# TASK TO CARRY OUT
The lines below must be transcribed exactly as given, with the images removed.

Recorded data
-*-
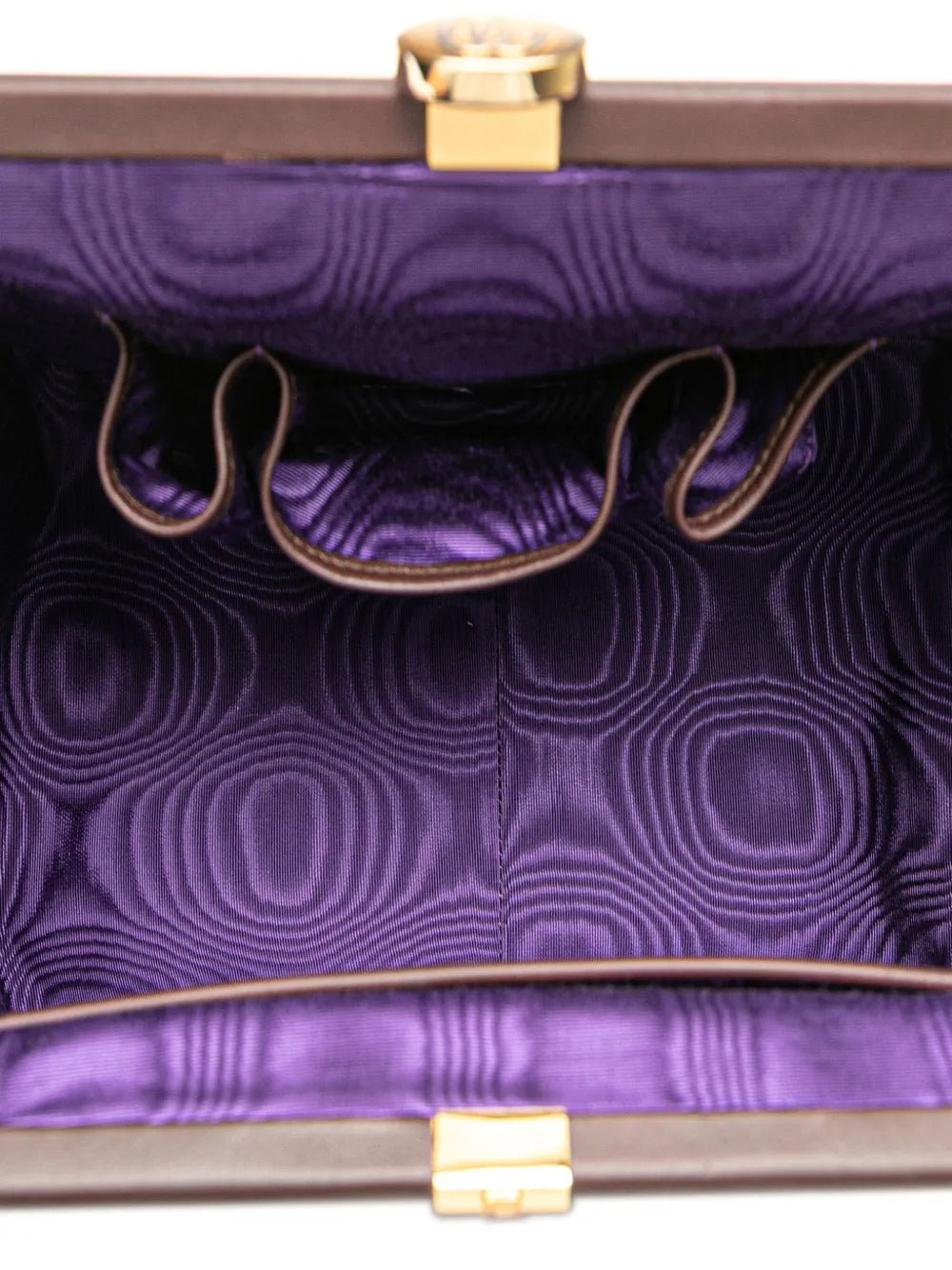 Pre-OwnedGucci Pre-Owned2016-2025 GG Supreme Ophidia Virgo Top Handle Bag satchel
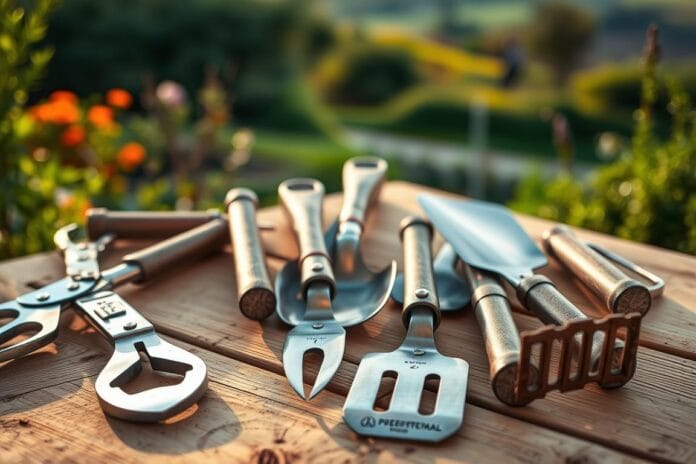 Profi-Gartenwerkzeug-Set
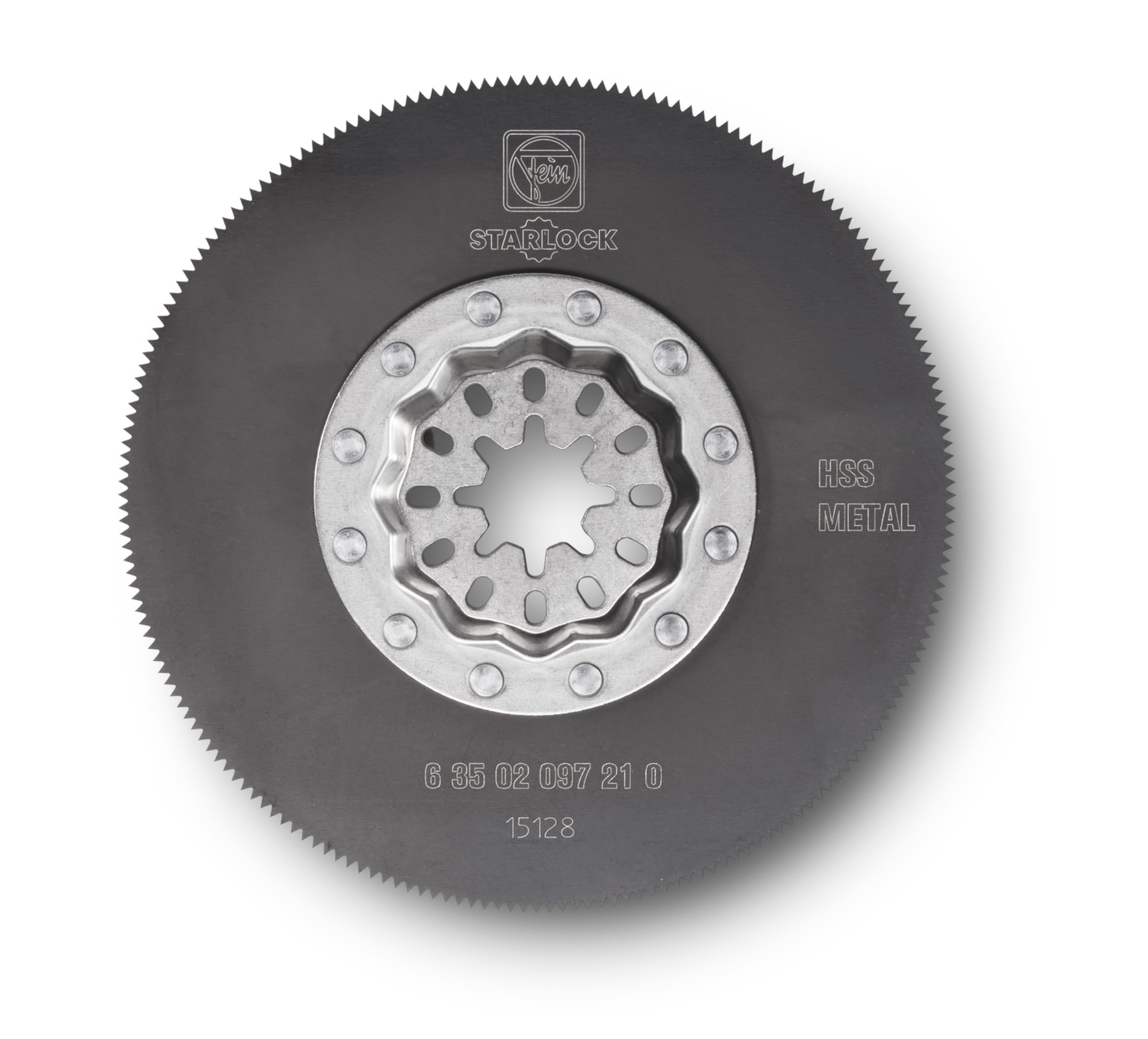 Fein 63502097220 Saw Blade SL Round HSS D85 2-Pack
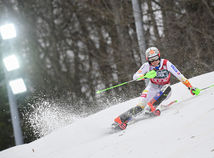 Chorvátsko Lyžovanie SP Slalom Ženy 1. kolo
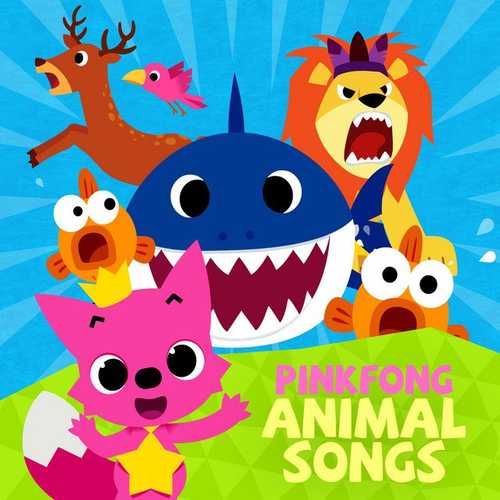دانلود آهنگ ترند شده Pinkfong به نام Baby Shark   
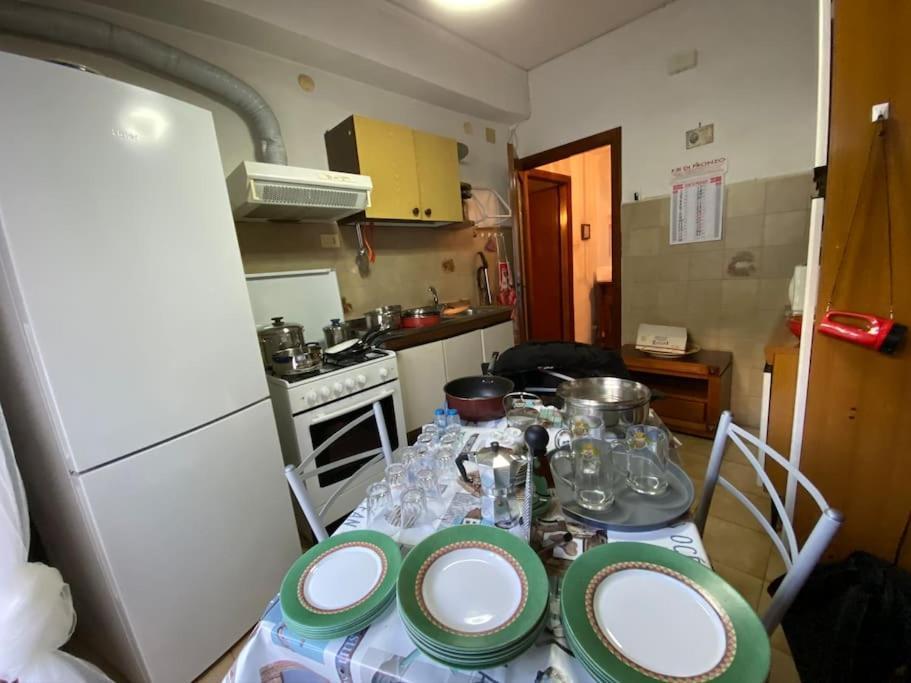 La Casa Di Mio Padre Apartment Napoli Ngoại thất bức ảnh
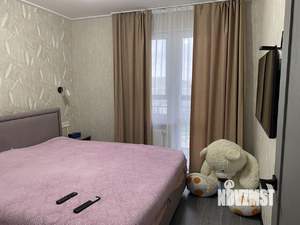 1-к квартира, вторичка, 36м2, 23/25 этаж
-*-
# SOLUTION TO THIS PROBLEM
 Pre-OwnedGucci Pre-Owned2016-2025 GG Supreme Ophidia Virgo Top Handle Bag satchel
 Profi-Gartenwerkzeug-Set
 Fein 63502097220 Saw Blade SL Round HSS D85 2-Pack
 Chorvátsko Lyžovanie SP Slalom Ženy 1. kolo
دانلود آهنگ ترند شده Pinkfong به نام Baby Shark   
 La Casa Di Mio Padre Apartment Napoli Ngoại thất bức ảnh
 1-к квартира, вторичка, 36м2, 23/25 этаж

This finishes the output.